Varios jugadores argentinos exhibieron una pancarta con las palabras “Las Malvinas son Argentinas” durante las celebraciones en el campo.
Giovani Lo Celso y Lisandro Martínez fueron algunos de los fotografiados sosteniendo la pancarta después de que les fuera entregada desde las gradas.
El gesto corría el riesgo de infringir las regulaciones de la FIFA que restringen los mensajes políticos dentro de los estadios y aseguró que la disputa de las Malvinas siguiera siendo parte de la discusión posterior al partido.
Las islas son administradas por el Reino Unido como un territorio británico de ultramar, mientras que Argentina sigue reclamando la soberanía sobre ellas.
En un referéndum celebrado en 2013, el 99,8 por ciento de los isleños participantes votaron a favor de mantener su estatus político. Argentina no reconoce la votación como una resolución legítima de la disputa.
La rivalidad también ha sido moldeada por controversias futbolísticas, incluyendo el gol de la “Mano de Dios” de Diego Maradona en 1986 y la tarjeta roja de David Beckham cuando los equipos se enfrentaron en el Mundial de 1998.
Como describió CBS News en su análisis de la rivalidad, los partidos entre ambos países han tenido un significado político y emocional mucho más allá del campo durante cuatro décadas.
Argentina completa una dramática remontada
Inglaterra parecía cerca de asegurar un puesto en la final después de que Anthony Gordon abriera el marcador en el minuto 55.
Morgan Rogers centró el balón al área, permitiendo a Gordon rematar a corta distancia y dar a los de Thomas Tuchel una ventaja de 1-0.

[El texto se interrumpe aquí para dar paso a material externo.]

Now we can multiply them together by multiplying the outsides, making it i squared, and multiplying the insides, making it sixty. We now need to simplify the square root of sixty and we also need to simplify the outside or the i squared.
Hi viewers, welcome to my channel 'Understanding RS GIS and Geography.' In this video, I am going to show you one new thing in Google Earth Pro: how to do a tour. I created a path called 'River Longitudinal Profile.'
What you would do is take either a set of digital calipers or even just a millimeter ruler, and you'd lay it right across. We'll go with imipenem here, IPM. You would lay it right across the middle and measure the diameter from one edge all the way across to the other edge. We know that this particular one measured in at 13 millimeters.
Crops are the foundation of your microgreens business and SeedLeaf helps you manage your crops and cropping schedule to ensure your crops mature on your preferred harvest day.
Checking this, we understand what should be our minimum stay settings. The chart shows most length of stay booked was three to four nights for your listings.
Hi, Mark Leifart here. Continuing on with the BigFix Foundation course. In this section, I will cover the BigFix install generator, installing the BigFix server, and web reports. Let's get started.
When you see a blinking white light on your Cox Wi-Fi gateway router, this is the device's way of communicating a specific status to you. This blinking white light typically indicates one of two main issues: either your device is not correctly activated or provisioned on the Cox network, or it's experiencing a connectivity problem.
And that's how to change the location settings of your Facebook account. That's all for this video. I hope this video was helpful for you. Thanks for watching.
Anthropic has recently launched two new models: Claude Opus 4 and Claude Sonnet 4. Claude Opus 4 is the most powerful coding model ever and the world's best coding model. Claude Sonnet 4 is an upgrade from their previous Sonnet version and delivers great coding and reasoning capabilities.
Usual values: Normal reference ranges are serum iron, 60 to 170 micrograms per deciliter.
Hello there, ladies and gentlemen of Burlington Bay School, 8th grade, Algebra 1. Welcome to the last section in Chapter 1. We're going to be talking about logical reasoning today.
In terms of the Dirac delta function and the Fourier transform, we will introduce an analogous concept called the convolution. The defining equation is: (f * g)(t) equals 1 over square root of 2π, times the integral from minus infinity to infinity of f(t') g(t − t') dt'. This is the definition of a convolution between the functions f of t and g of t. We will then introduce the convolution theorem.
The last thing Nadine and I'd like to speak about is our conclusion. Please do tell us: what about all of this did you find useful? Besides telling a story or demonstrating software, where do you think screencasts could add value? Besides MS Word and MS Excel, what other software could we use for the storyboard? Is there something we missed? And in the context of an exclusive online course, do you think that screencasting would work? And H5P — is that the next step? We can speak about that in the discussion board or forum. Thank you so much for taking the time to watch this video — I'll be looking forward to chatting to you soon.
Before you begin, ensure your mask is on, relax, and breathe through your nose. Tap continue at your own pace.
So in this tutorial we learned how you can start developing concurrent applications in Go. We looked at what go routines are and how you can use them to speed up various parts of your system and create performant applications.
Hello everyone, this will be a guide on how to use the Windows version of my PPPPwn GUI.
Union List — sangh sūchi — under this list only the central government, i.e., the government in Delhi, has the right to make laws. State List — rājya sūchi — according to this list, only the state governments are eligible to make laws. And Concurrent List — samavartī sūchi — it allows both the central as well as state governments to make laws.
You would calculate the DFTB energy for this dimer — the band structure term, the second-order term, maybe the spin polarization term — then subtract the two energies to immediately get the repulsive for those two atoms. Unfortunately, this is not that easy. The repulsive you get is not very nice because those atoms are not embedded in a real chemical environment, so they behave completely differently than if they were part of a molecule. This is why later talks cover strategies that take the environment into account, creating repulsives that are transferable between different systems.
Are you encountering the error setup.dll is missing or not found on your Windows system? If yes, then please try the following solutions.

Inglaterra se replegó posteriormente y permitió a Argentina dominar los últimos minutos.
Enzo Fernández empató en el minuto 85 antes de que Lautaro Martínez cabeceara un centro de Lionel Messi a los dos minutos del tiempo añadido.
El gol tardío aseguró la victoria de Argentina por 2-1 y un lugar en la final del domingo contra España. Inglaterra, en cambio, se enfrentará a Francia en el partido por el tercer puesto.
El informe del partido de Associated Press describió la victoria de Argentina como otra demostración de la resiliencia de los campeones defensores después de que remontaran la ventaja de Inglaterra durante un implacable ataque final.
El fútbol fue lo suficientemente dramático por sí solo. Las peleas fuera del estadio y los gestos políticos que siguieron aseguraron que la controversia continuara mucho después del pitido final.